Capitals Logo Rachel Alexander, The Post's beat writer for the Capitals and NHL was our guest on Sports Online on Tuesday, April 27. Alexander discussed the fall of the Capitals and the current state of the NHL. The transcript of the discussion follows.

Frederick, MD: Is this a quick fix? Is it a case where the Caps had key injuries and were really a better team than they put on the ice this season? Or are we in for a youth movement -which with the trade of Hunter, and releasing of Miller and Pivonka, it would seem- and a couple years of rebuilding?

Last year at this time, Ollie was a brick wall, Bondra and Zednik were incredible out there, getting odd-man rushes and breakaways. Was the loss of Tikkanen that big? What happened between June last year, and October this year to make them go from so good to so bad?

Rachel Alexander: Hey everybody. Thanks for the patience with all of our computer problems.

As for the Caps, whose technical difficulties cannot be solved so easily, I think there were a lot of different things that went wrong this season. First, of course, is the injuries. This is the fourth straight year Washington has had such massive problems, and every season they seem to get worse. Adam Oates' absence for two months near the beginning of the season hurt the team a lot, especially when Washington was having so much trouble scoring. The loss of the young players (Zednik, Svejkovsky, Bulis) also near the beginning of the season hurt too, because it is your young guys who are supposed to carry you through Oct., Nov. and Dec., especially when your veterans are tired from a long playoff run.

Injuries aren't the whole story, though. Last season, the players went through adversity and reacted well to it. This season they did not. When they absolutely had to come up with a victory, they didn't, and at times their confidence seemed shaky. They lost games on late goals a lot; they were scored upon early quite often. And while goaltending was not Washington's main problem, neither Olie Kolzig nor Rick Tabaracci was stealing games the way Kolzig did with such regularity last season.

McLean, VA: What do you think it will take to make D.C. more of a "hockey town" like Detroit or New York – or am I asking for too much?

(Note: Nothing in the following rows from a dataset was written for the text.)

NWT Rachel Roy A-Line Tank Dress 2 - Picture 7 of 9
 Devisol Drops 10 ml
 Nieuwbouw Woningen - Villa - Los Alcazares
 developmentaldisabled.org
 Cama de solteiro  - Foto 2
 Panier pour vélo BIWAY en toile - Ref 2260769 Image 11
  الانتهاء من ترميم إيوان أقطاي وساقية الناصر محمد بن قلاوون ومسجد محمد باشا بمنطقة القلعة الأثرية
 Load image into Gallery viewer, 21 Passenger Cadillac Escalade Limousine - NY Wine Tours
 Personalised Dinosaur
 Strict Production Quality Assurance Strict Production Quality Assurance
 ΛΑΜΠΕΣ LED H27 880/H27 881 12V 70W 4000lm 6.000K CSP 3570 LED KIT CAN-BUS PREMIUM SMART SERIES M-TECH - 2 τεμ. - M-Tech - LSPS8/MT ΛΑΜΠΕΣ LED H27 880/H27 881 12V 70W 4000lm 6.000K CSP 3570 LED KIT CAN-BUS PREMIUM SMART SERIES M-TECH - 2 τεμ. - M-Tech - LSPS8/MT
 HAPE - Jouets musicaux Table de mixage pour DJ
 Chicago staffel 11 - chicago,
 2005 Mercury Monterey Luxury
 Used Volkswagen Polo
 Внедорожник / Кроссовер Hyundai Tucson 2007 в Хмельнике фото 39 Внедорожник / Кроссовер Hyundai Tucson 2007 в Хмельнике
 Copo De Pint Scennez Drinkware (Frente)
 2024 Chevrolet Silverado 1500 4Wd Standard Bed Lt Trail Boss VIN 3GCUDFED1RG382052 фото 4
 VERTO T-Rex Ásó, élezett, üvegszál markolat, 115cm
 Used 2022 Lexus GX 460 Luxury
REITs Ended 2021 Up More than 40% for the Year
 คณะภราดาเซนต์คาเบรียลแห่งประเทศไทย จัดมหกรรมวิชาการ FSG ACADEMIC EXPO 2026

Rachel Alexander: Before last season, I would have said that a strong playoff performance was all that was necessary to make Washington a hockey town. I was working in South Florida in 1995-96, when the Panthers had problems drawing crowds. They had a lot of empty seats even through the first two rounds of the playoffs, but by the conference finals it was crazy down there. By the time Florida was swept by Colorado in the Cup finals, the Panthers logo and colors were every year. Even though the team lost the Cup, they sold out the next season.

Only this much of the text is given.